Function overload is just an intersection of function types#
Function overload can be thought of as a syntactic sugar for intersecting function types. Think about it—when we are overloading functions like:
function switchIt(input: string): number
function switchIt(input: number): string
Then we are saying that a value (i.e. that function) of this type (the function type/signature being overloaded) can be used both as a function of the first type/signature (input: string): number
and as a function of the second type/signature (input: number): string
. This effectively translates into an intersection of both function types/signatures:
type F = ((input: string) => string) & ((input: number) => number)
const switchIt_intersection: F = (input) => {
if (typeof input === 'string') {
return Number(input)
} else {
return String(input)
}
}
const num = switchIt_intersection(1) // ✅ has the string type
const str = switchIt_intersection('1') // ✅ has the number type
And you can also write type F
in the form of interface, since the interface definition automatically merges and is implicitly intersected by the compiler:
interface F {
(input: number): string
(input: string): number
}
Flow is another popular JavaScript type system.
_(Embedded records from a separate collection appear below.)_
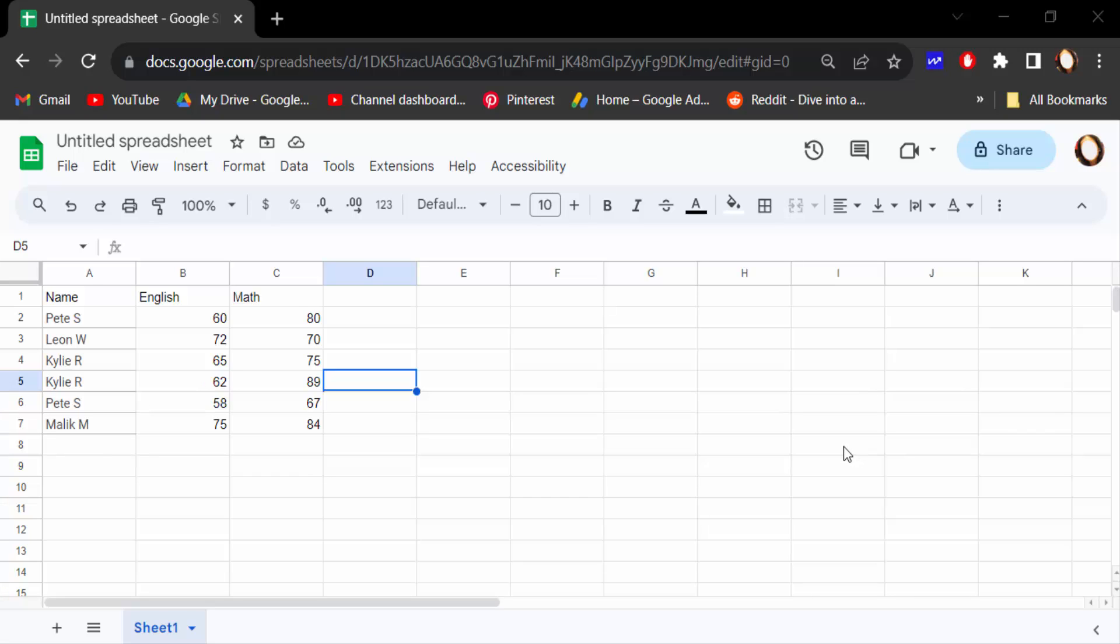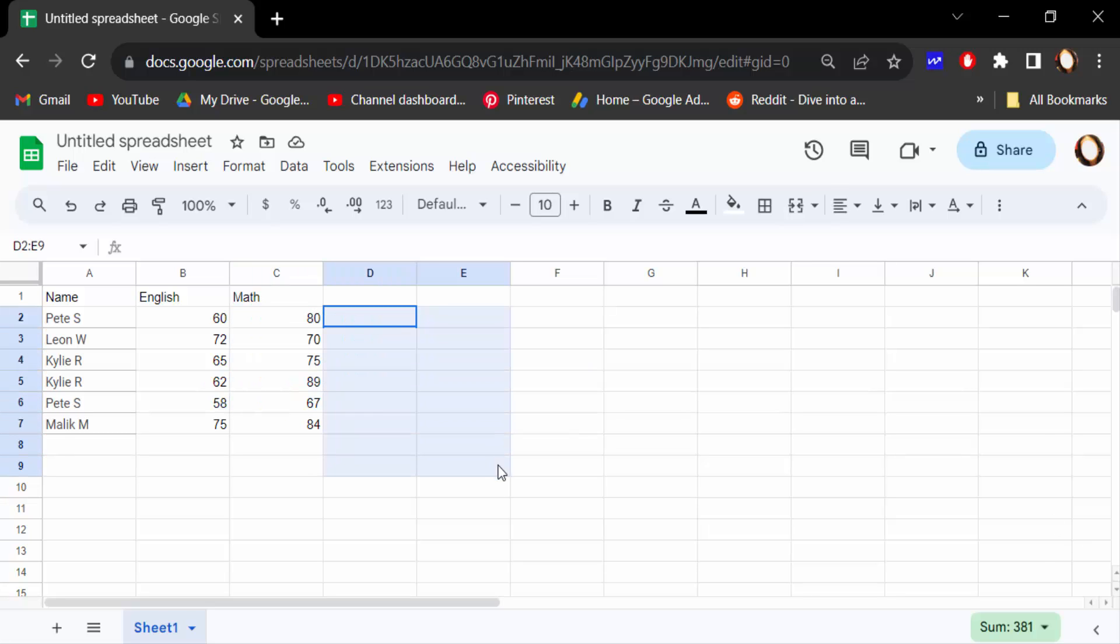Hello everyone, assalamualaikum. In this tutorial today I'll show you how to change background on Google Sheets in 2023, so let's get started. I open this Google Sheets document and the default color of this Google Sheets background is white.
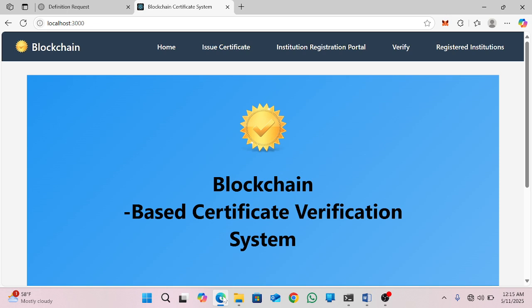My name is Diedone Nionsab. In this video, I'm going to present the project I have done. I implemented it using Web3 demo using blockchain technology. My project is called a blockchain-based certificate verification system.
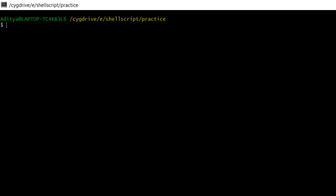Welcome back. In this video, we are going to see another important command of Unix, and the name of that command is the uniq command. The uniq command will help to identify duplicate values in a file.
But, it doesn’t (fully) support the function overload syntax in TypeScript. However, it does allow you to set overloading types for functions using intersection types, exactly like what we did above with switchIt_intersection
.
Why use intersection types as opposed to union types for type F
Interestingly, the usage of intersection types for function overload (i.e. type F = ((input: string) => string) & ((input: number) => number)
) is a common source of confusion to people: when the overloaded function signature is written, union types are used, as opposed to intersection types.
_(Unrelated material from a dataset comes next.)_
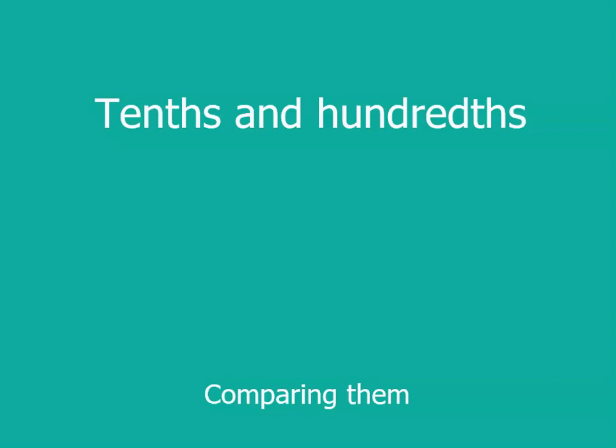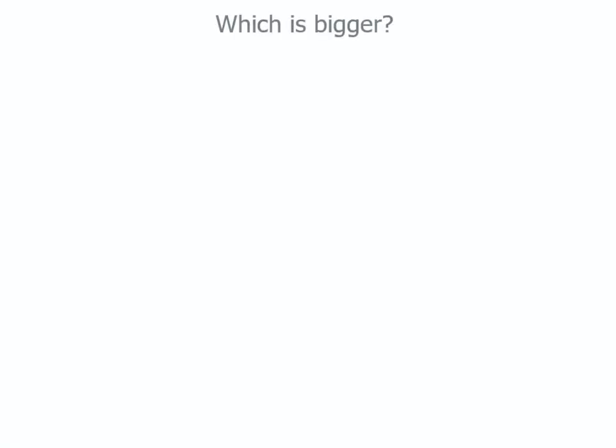How can we compare tenths and hundredths? Well, have a think about which is bigger, four tenths or forty-three hundredths.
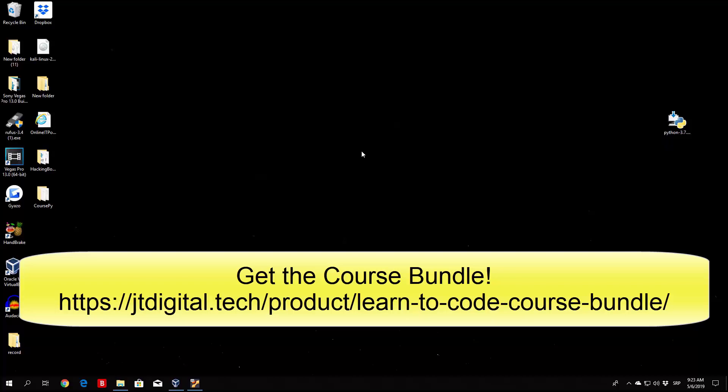First of all, let's talk about who this course is for. Well, for example, if you are a student and you want to learn some Python programming, this will be a perfect course for you because we are going to cover everything from the very beginnings of Python programming to some more advanced stuff later on.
function switch_overloaded(input: string): number
function switch_overloaded(input: number): string
function switch_overloaded(input: number | string): number | string { // 🤔 union, not intersection
// ...
}
This is because parameter types are contravariant—you must reverse the type relationship (i.e. flip the ands and ors) inside the function body. For example, if the function has a type of string => X
and number => X
, then you have to handle an input that is a string
or a number
when working inside the function body.
My rule of thumb#
When it comes to typing polymorphic functions in TypeScript, I normally default to using generic types (constrained to a union type) along with conditional types. I only reach for function overload when I realize the function signature’s shapes for all its variants are different enough to be defined separately and explicitly.
For example:
- The
search
function above is a good candidate for function overload since the return value’s type changes depend on the number of arguments that gets passed to the function (the shapes of the function signatures are very different). - The
getRandom
function is not suitable for function overload since generic types with conditional types or indexed types are already a great tool to map input types to output types. Writing it using function overload would be extremely verbose. Functions with an excessive number of overloads can be confusing to people.
The bottom line is, whether you favour function overload or generic types with conditional types, we have to be very intentional about it and tread very carefully as neither of them is completely safe.